▸ **Data under study**:
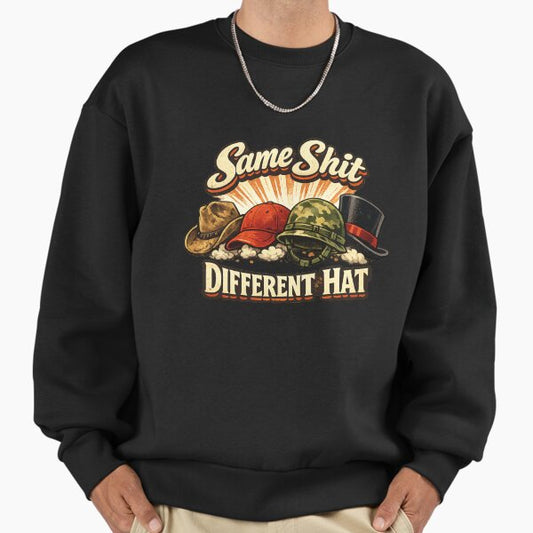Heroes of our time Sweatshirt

...

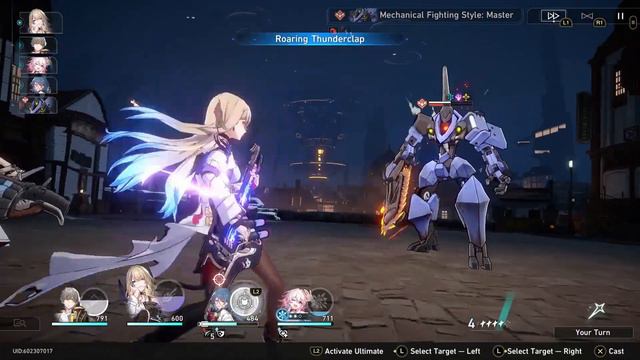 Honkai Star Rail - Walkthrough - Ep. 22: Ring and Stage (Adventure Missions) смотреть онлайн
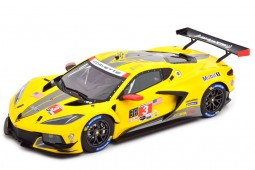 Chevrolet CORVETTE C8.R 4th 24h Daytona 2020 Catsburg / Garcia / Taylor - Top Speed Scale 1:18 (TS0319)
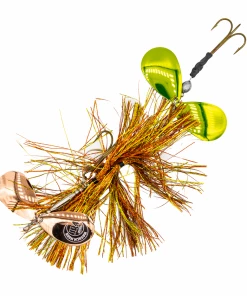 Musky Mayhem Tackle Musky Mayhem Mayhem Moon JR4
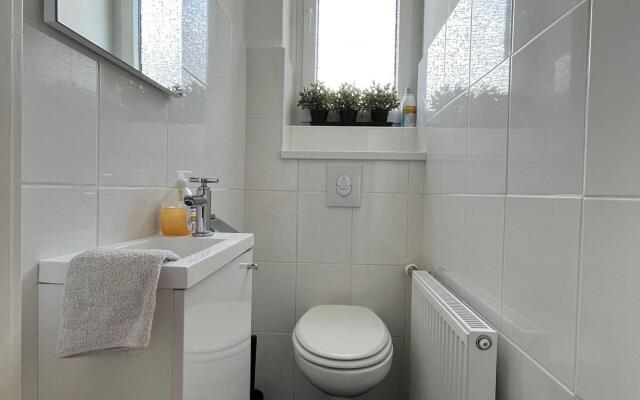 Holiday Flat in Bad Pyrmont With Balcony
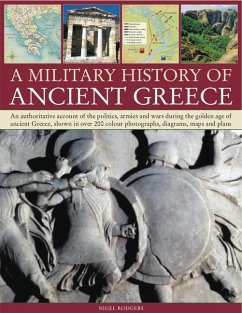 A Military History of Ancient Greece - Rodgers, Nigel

==

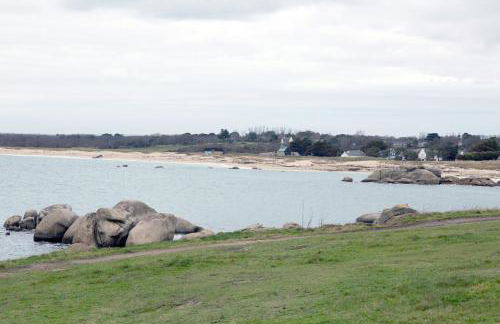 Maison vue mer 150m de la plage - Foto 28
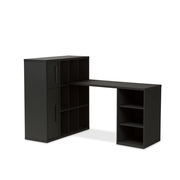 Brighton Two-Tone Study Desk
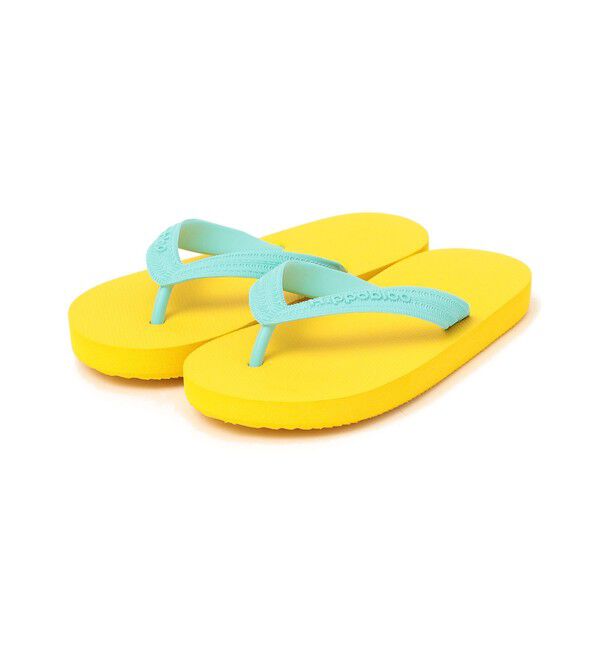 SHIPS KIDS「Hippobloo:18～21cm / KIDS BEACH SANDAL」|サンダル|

▸ **Exercise brief**:
Give back exactly the lines of the listing above from the one that contains "Musky Mayhem Tackle" up to and including the one that contains "A Military History", but not the pictures, and no other lines.

▸ **Response for this exercise**:
 Musky Mayhem Tackle Musky Mayhem Mayhem Moon JR4
 Holiday Flat in Bad Pyrmont With Balcony
 A Military History of Ancient Greece - Rodgers, Nigel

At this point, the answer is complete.